On Mon, 2004-08-30 at 01:34, Steven Bosscher wrote:
> Also, I believe the edge-vector-branch work is also purely a speedup
> project - it will make looking up PHI arguments much faster.  As I
> have shown before on this mailing list, this is one of the major bottle
> necks for passes like DOM.
The edge-vector stuff is definitely a good thing.  However, I would
not expect a big benefit from it.

Yes, there are certain codes where it would speed up DOM in a 
meaningful way, but in general I don't expect you'll find that it's
a big improvement.  I like the edge-vector work because it means
we can rip out the hacks which we added to prevent the traversal
of the PHI arguments from becoming a huge time sink.
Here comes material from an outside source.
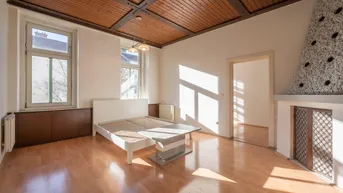 Expose ++Q18++ Renovation-needed 3-room old building flat, lots of potential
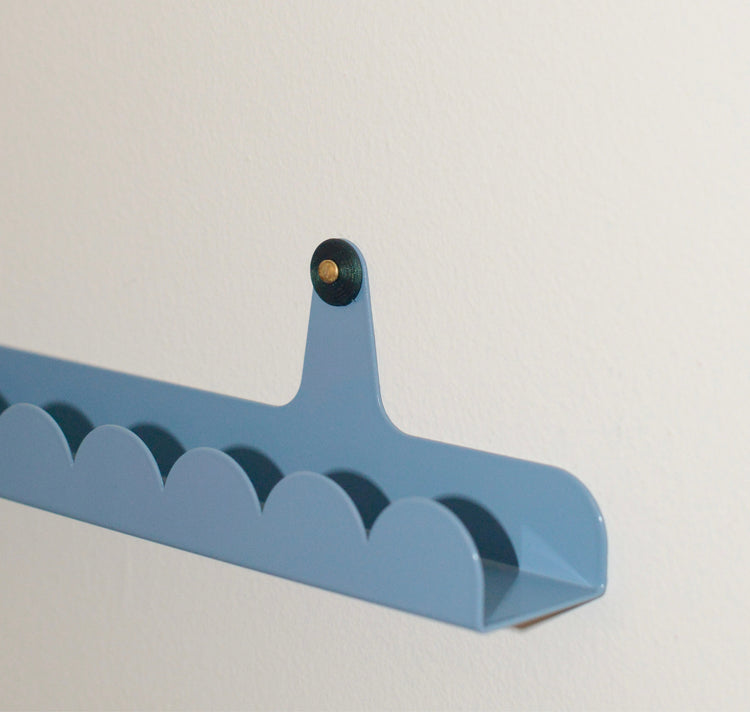 äm | äs | ka Design Studio - Wandleiste "Vinyl and art wall bar 3" (hellblau)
Speeding up DOM in the general case at this point means finding a
way to stop iteration.   Not surprisingly I've thought quite a bit
about that problem.

I haven't started any experiments, but my theory is that the cases
were iterating DOM is useful can be detected by the existence of
optimizable PHIs.

ie, if we have a degenerate PHI such as this after DOM

a1 = PHI (a0)   -- or
a1 = PHI (a0, a0) -- or
a1 = PHI (a0, a1)

Then iterating DOM may be useful.  I suspect (but certainly haven't
confirmed) that iterating if no such PHIs are found is relatively
pointless.

So we might be able to reduce iteration steps.  That would be good.
Again, I haven't played with this yet, so it's ripe for someone
to poke around.

Beyond that I've spent considerable time thinking about how to
remove the iteration step completely, but it's probably not
worth outlining those thoughts at the moment as they are
predicated on the concept that optimizable PHIs are the key to 
determining what (if anything) might be gained by iterating DOM.